Black Women’s Histories and the Power of Truth-Telling

Oprah Winfrey’s 2018 Golden Globe speech (Photo: Paul Drinkwater/NBCUniversal/Getty Images).

Not long after Oprah Winfrey, the iconic media mogul and pioneer for African American women in film, television, and journalism, delivered her ground-shifting, three-standing-ovation-inducing acceptance speech at this year’s Golden Globes—becoming the first African American woman recipient of its prestigious Cecil B. DeMille Lifetime Achievement Award—the hashtag #Oprah2020 began trending on Twitter. Such impressionable reactions might be just another reminder that our presidency, in the wake of Donald J. Trump (perhaps reaching as far back to former actor and President Ronald Reagan), has become yet another space for celebrity.

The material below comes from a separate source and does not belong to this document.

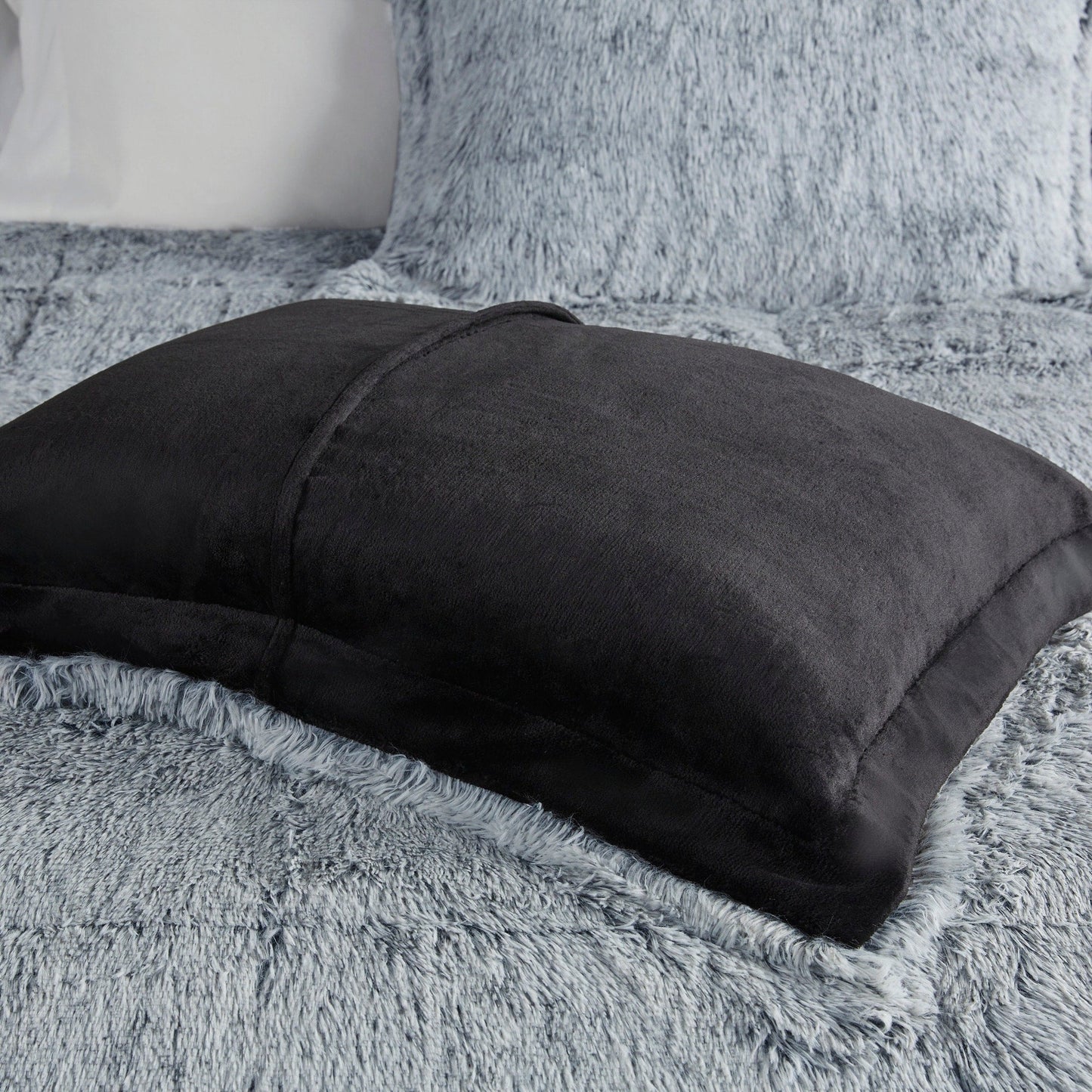 Intelligent Design Leena Shaggy Long Fur Comforter Mini Set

Or maybe her speech was a reminder of the power of a rousing speech, which we’ve seen before with Dr. Martin Luther King, Jr., whose iconic “I Have a Dream” speech thrust him in a leadership position for the Civil Rights Movement, or the way that a then-unknown Senator Barack Obama experienced a meteoric rise after his momentous speech at the 2004 Democratic National Convention. Winfrey’s speech in particular was a master class in interweaving race and gender amid a plethora of social issues and a variety of women and men from all walks of life.

The Hollywood Foreign Press Association’s Annual Golden Globes, which highlights the year’s best works in film and television, took on the mantle of the #MeToo Movement that transitioned early this year into Time’s Up—an initiative spearheaded by women in the entertainment industry and their grassroots feminist allies in the fight against sexual harassment and abuse. Certain stars appeared on the red carpet alongside activists, including Me Too founder Tarana Burke as well as Billie Jean King, Rosa Clemente, and Saru Jayaraman. They encouraged all the women to wear black in solidarity of the movement.

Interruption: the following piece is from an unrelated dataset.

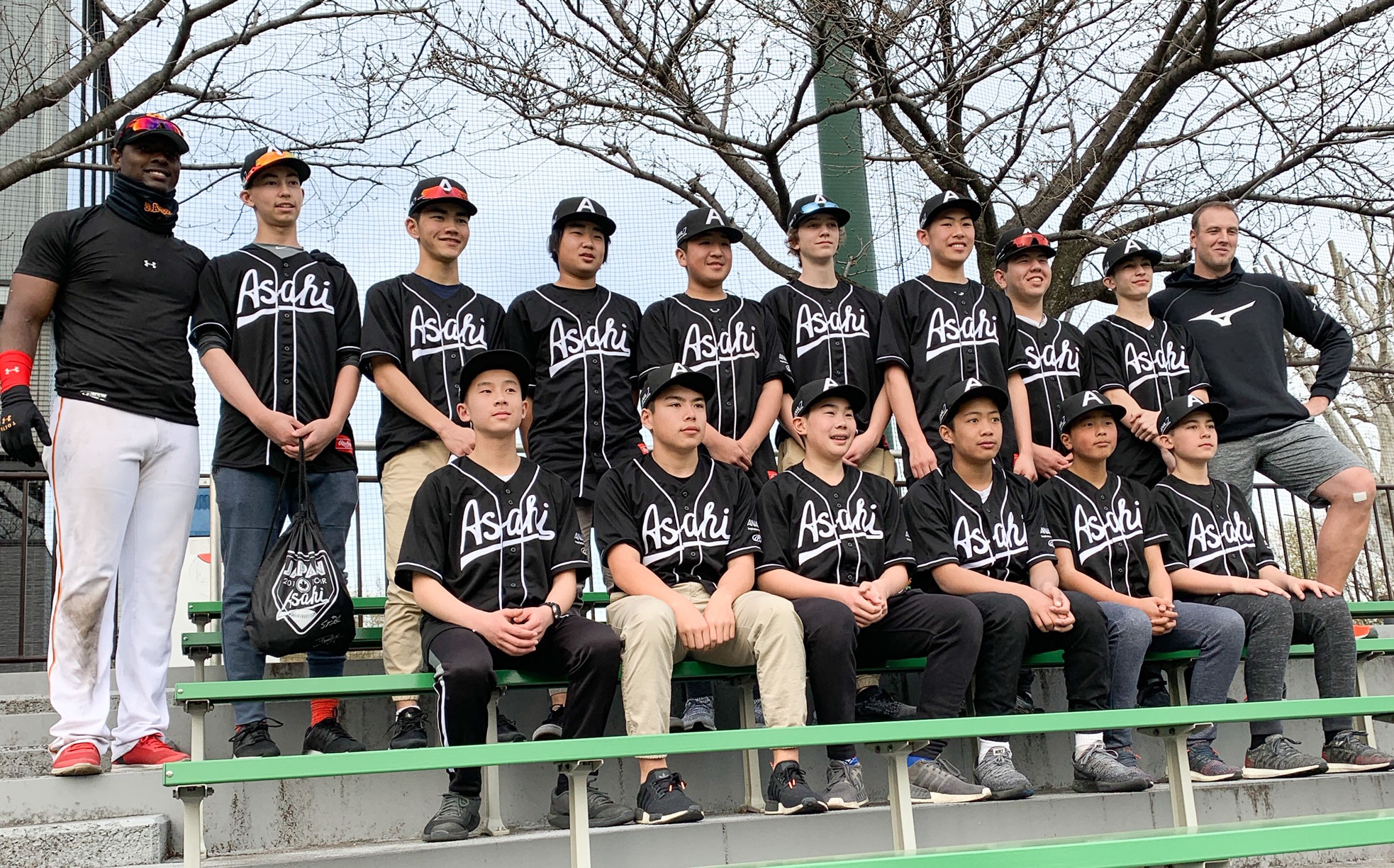 Team photo with Scott Mathieson and Israel Mota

The effect was a stunning display of women united beyond the vain chatter of “who is she wearing?” in a deliberate attempt to shift the focus away from their bodies and toward the issues at hand, which came to a head last year with allegations of sexual assault and harassment against studio mogul Harvey Weinstein. Women dominated the awards, and their acceptance speeches paid tribute to the theme of “Time’s Up.” But it was Winfrey who provided the climax to a movement that has been a long time coming. I had recently compiled a timeline on the evolution of celebrity feminism, and if pop stars like Beyoncé had a hand in raising mass consciousness in feminism, Oprah is the one to take it to the next level.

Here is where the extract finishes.